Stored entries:
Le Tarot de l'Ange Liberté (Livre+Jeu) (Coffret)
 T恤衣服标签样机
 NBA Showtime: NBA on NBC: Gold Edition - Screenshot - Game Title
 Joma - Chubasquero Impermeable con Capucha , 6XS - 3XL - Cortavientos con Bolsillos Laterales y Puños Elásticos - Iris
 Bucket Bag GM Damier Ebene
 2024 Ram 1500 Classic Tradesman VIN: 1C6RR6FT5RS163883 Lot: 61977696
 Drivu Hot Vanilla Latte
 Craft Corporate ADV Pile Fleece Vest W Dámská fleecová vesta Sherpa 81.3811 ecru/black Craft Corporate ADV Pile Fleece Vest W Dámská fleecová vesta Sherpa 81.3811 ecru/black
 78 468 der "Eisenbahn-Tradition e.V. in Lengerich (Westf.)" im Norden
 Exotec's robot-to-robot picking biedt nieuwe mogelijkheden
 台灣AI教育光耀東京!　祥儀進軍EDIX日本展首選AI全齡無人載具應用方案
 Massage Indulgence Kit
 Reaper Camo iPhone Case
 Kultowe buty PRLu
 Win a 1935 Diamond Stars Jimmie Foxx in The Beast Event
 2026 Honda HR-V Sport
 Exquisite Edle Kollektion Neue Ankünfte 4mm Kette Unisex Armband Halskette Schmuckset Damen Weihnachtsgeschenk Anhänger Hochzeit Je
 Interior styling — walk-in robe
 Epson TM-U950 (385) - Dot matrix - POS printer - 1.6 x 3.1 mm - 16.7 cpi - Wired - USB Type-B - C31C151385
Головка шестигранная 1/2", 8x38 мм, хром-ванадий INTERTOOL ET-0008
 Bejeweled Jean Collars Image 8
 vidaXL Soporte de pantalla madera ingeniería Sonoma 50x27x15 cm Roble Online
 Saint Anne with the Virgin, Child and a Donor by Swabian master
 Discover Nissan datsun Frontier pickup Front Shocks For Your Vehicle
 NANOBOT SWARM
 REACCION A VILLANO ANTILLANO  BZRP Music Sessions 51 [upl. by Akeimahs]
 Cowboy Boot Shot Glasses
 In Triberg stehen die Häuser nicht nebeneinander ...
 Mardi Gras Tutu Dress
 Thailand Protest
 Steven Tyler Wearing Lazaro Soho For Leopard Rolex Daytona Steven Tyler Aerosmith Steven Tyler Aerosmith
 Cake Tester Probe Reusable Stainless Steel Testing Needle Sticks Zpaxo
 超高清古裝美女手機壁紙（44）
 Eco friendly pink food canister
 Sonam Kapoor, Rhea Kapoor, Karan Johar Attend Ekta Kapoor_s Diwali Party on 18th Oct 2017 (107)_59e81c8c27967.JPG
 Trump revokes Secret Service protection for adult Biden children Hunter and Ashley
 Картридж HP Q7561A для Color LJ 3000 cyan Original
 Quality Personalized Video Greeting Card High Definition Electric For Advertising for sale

**Task directions:** Give back, unchanged, the line containing "Saint Anne with" and each line that comes after it in the entries above, ending with the last.

**Answer box:**
 Saint Anne with the Virgin, Child and a Donor by Swabian master
 Discover Nissan datsun Frontier pickup Front Shocks For Your Vehicle
 NANOBOT SWARM
 REACCION A VILLANO ANTILLANO  BZRP Music Sessions 51 [upl. by Akeimahs]
 Cowboy Boot Shot Glasses
 In Triberg stehen die Häuser nicht nebeneinander ...
 Mardi Gras Tutu Dress
 Thailand Protest
 Steven Tyler Wearing Lazaro Soho For Leopard Rolex Daytona Steven Tyler Aerosmith Steven Tyler Aerosmith
 Cake Tester Probe Reusable Stainless Steel Testing Needle Sticks Zpaxo
 超高清古裝美女手機壁紙（44）
 Eco friendly pink food canister
 Sonam Kapoor, Rhea Kapoor, Karan Johar Attend Ekta Kapoor_s Diwali Party on 18th Oct 2017 (107)_59e81c8c27967.JPG
 Trump revokes Secret Service protection for adult Biden children Hunter and Ashley
 Картридж HP Q7561A для Color LJ 3000 cyan Original
 Quality Personalized Video Greeting Card High Definition Electric For Advertising for sale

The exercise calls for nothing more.